_Assignment_. In the copy, include no images, and repeat each entry precisely as written.

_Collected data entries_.
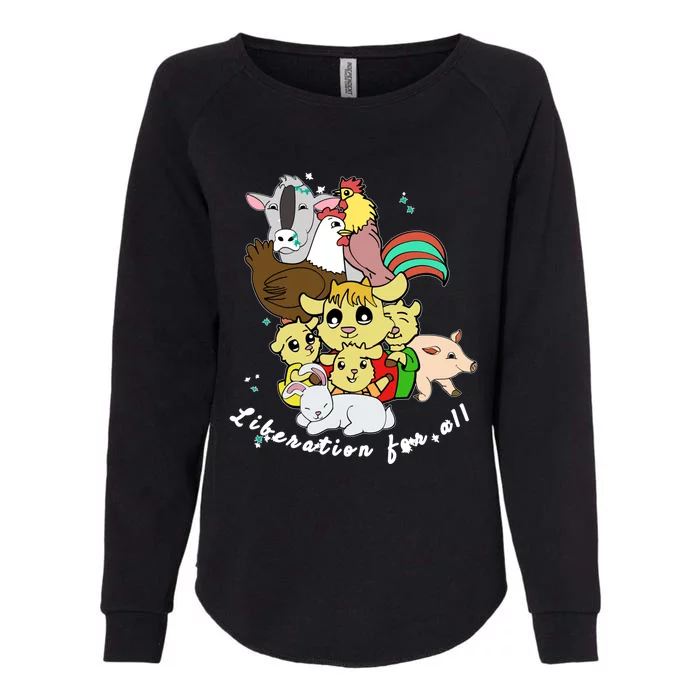 Liberation Ll Cute Farm Animals Vegan Vegetarian Love Gift Womens California Wash Sweatshirt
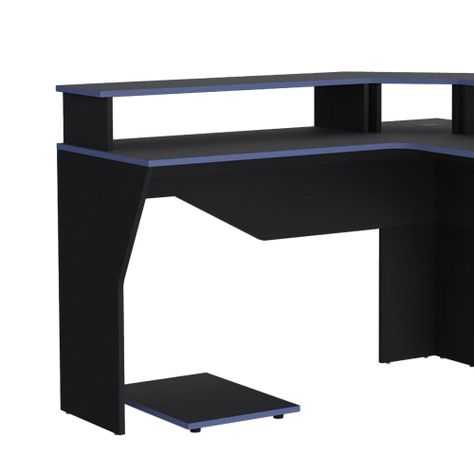 ESCRITORIO GAMER EN L 88,5X127,9X127,9 CM FM-046N NEGRO Y AZUL-2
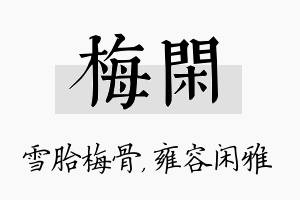 梅闲名字的寓意及含义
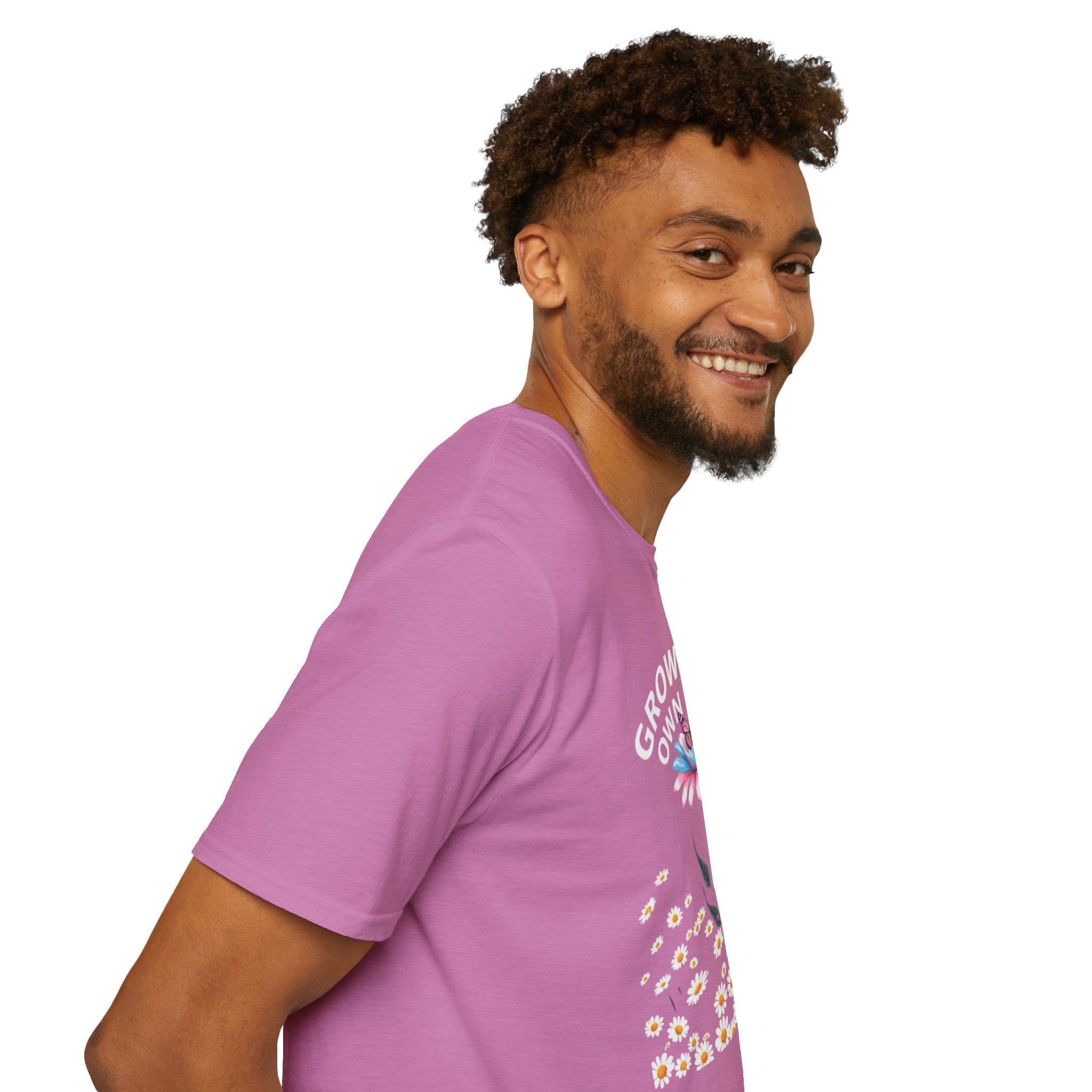 Grow Your Own Way Trans Pride Unisex T-Shirt - Floral Design for Garden Lovers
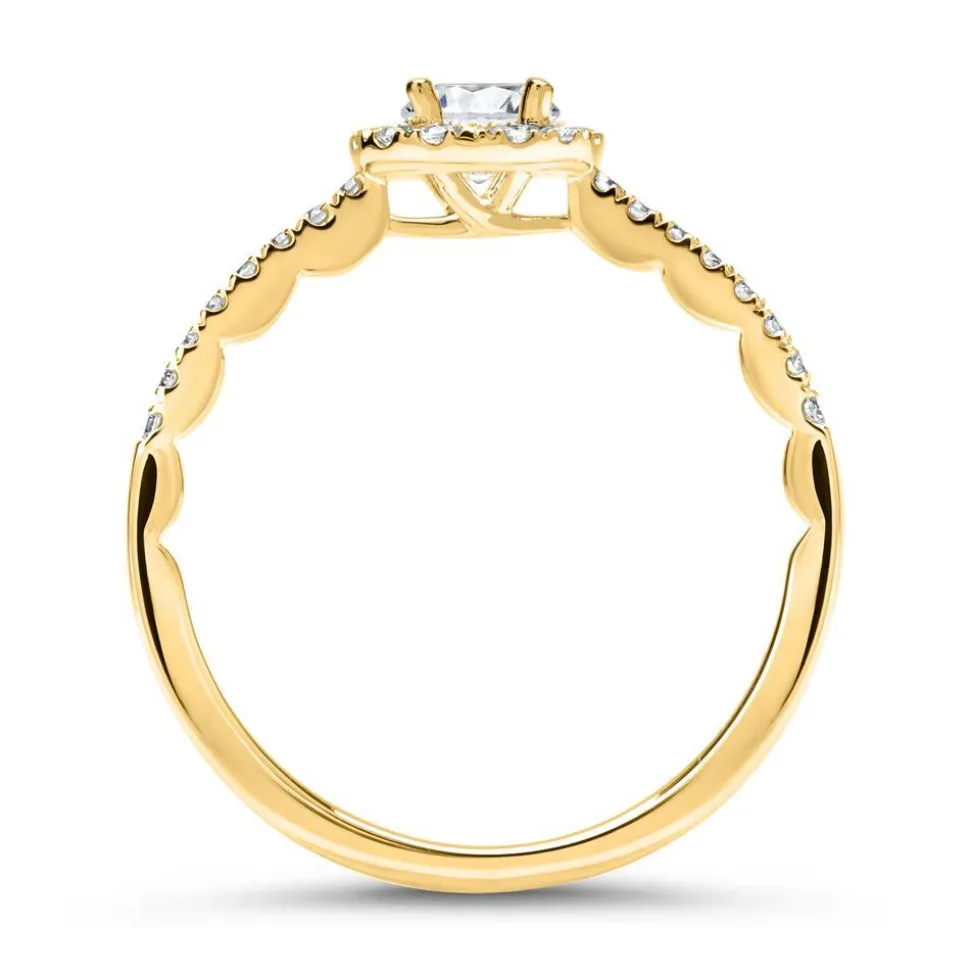 750er Gold Halo Ring mit Diamanten DR0187SL-18KG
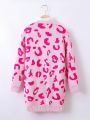 Tween Girl 1pc Leopard Pattern Dual Pocket Drop Shoulder Duster Cardigan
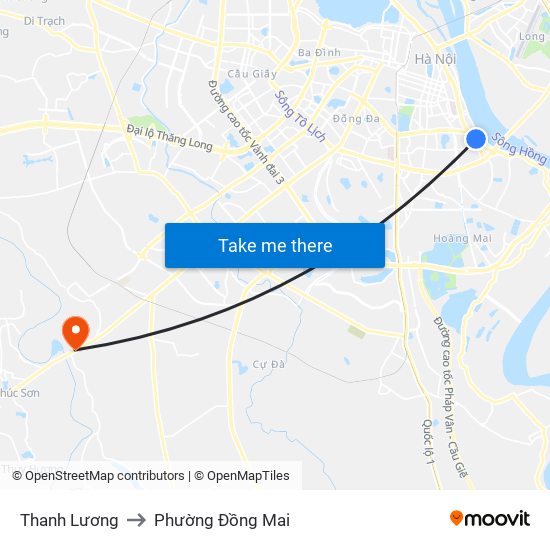 Thanh Lương to Phường Đồng Mai map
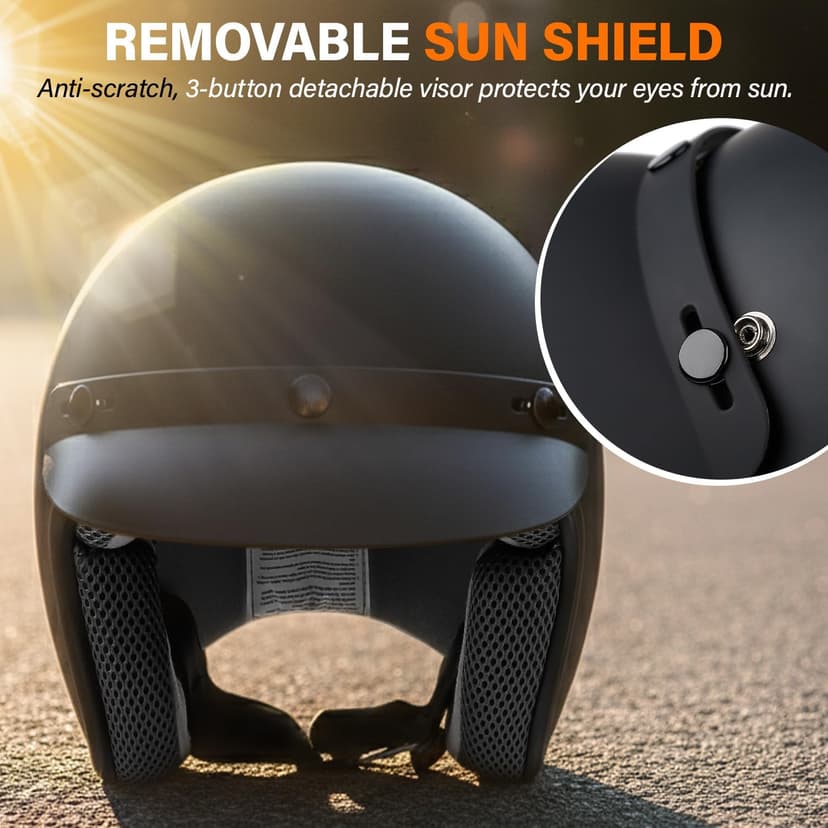 XFMT DOT Unisex-Adult Motorcycle Open Face 3/4 Helmet Retro Style Cruiser Chopper Scooter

_Solved exercise_.
 Liberation Ll Cute Farm Animals Vegan Vegetarian Love Gift Womens California Wash Sweatshirt
 ESCRITORIO GAMER EN L 88,5X127,9X127,9 CM FM-046N NEGRO Y AZUL-2
 梅闲名字的寓意及含义
 Grow Your Own Way Trans Pride Unisex T-Shirt - Floral Design for Garden Lovers
 750er Gold Halo Ring mit Diamanten DR0187SL-18KG
 Tween Girl 1pc Leopard Pattern Dual Pocket Drop Shoulder Duster Cardigan
 Thanh Lương to Phường Đồng Mai map
 XFMT DOT Unisex-Adult Motorcycle Open Face 3/4 Helmet Retro Style Cruiser Chopper Scooter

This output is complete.